As one of the most progressive states in the country, California is unsurprisingly a leader in clean energy. In 2015, the California state legislature passed Senate Bill 350. Through this bill, the state required all utilities to source half of their energy from renewable sources, including biopower, solar, geothermal, and wind by 2030.
Senate Bill 350 built upon 2002’s Renewables Portfolio Standard (RPS), which required 20% of sources to come from renewable sources by 2017. Coupled together, these projects primarily aimed at lowering carbon emissions, while also providing employment to some of California’s most blighted rural areas.
So what does this mean for your business? By implementing clean energy practices at your business, not only can you help California reach its energy goals, but you can also realize a plethora of other benefits. Here’s how to do it.
Why Your Business Should Turn to Clean Energy
Although the installation of clean energy sources at your business may have a higher upfront cost, the benefits are striking. While helping the California government reach the Renewables Portfolio Standard and Senate Bill 350, you can also enjoy a number of other advantages.
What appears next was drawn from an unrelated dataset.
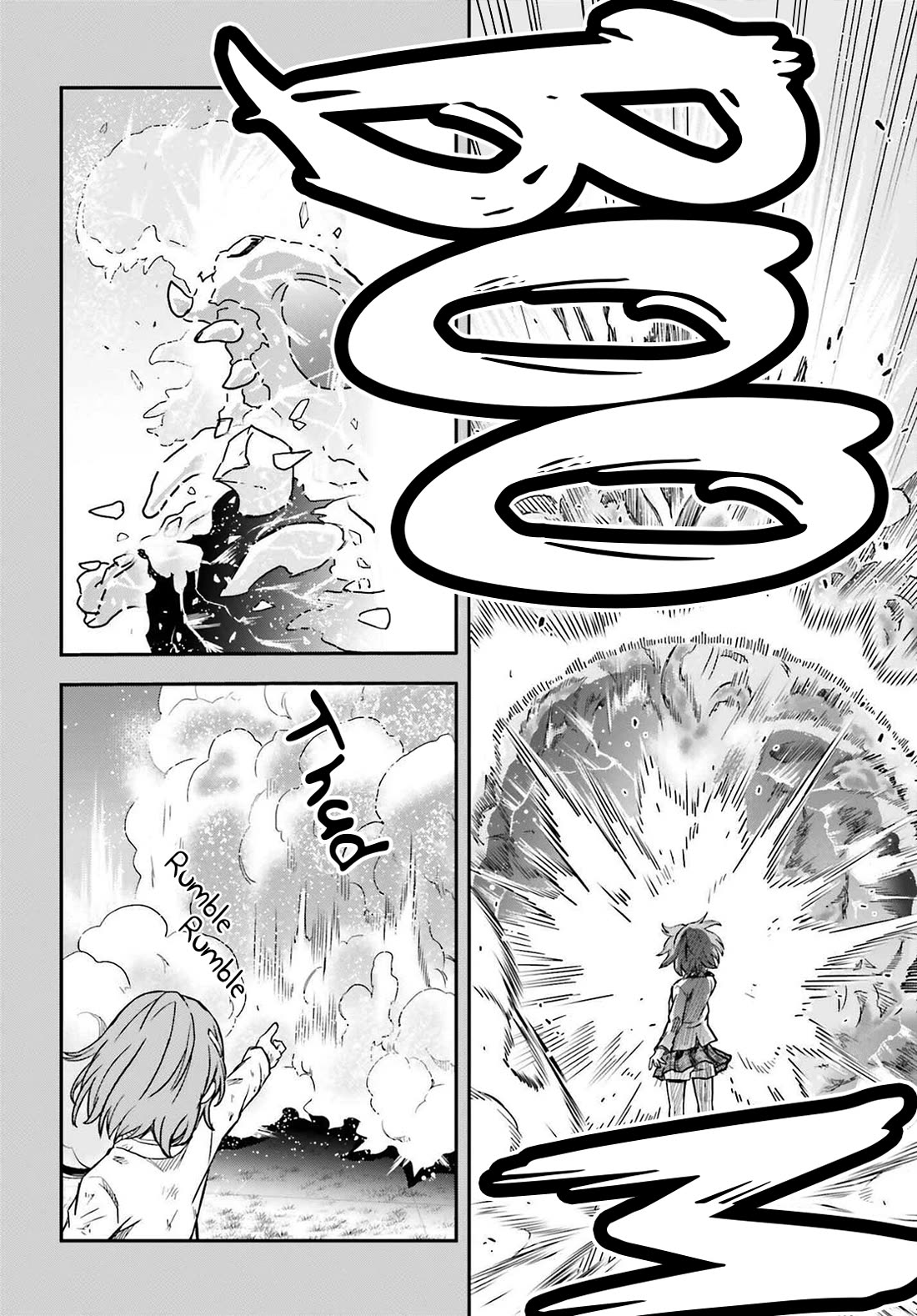 To Aru Kagaku no Railgun Chapter 167 page 16 - Chapter 167: Home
Examples include:
- Identifying as an industry leader
- Improving the community
- Lessening your carbon footprint
- Fewer service disruptions
- A huge return on investment
- A stronger reputation among consumers
Confusion with California’s RPS and Renewable Energy Credit Laws
While the implementation of clean energy at your business is somewhat straightforward, the legal and financial ramifications of such an installation are often confusing. But here’s an easy way to break it down.
The RPS and Senate Bill 350 are simply initiatives to create cleaner air and jobs in California. Neither of these bills explicitly states the benefits to small businesses, but they do underscore the idea of renewable energy credits, or RECs.
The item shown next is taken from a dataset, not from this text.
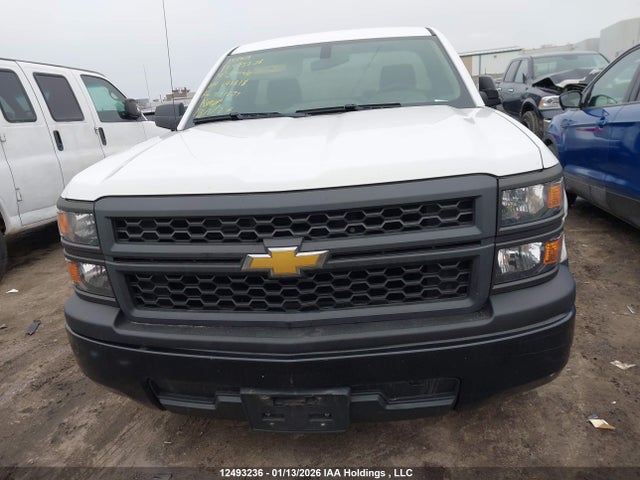 1GCNCPEH1EZ141618 Chevrolet Silverado 1500 1wt/2wt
A REC is a certificate given by the State of California to businesses that their own energy. Asa business owner, you can choose to hold or sell these credits. If you hold them, you don’t get any financial gain; you simply have “bragging rights” that you helped lower carbon emissions. However, you can sell these credits to other businesses to offset their carbon emissions. Thus, you can increase your bottom line simply by doing your part to reach RPS and Senate Bill 350. In addition, you may be eligible for federal clean energy subsidies to further lower your expenses
Our team at 3 Phases Renewables understands all the details required to help you navigate the process and move your business forward with clean energy. We are the clean energy coordinators of choices for many businesses nationwide.
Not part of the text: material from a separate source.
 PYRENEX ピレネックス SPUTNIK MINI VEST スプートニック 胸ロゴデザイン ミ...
How to Build a Clean Energy Business
Building a clean energy business isn’t always easy. Therefore, many businesses enlist the help of an energy coordinator. Not only do we help you set up a clean energy source, but also ensure federal and state compliance, as well as implement cost-avoidance measures. If you’re thinking of going green, our energy coordinators are here to get it done.
Clean energy isn’t just a way to save the planet and lower carbon emissions. It’s a show of corporate stewardship and social responsibility that create a solid reputation that can improve your bottom line. As a business owner, you won’t find many win-win scenarios of this caliber. Plan wisely and take advantage of everything that clean energy gives to your business, your customers, and your fellow California residents.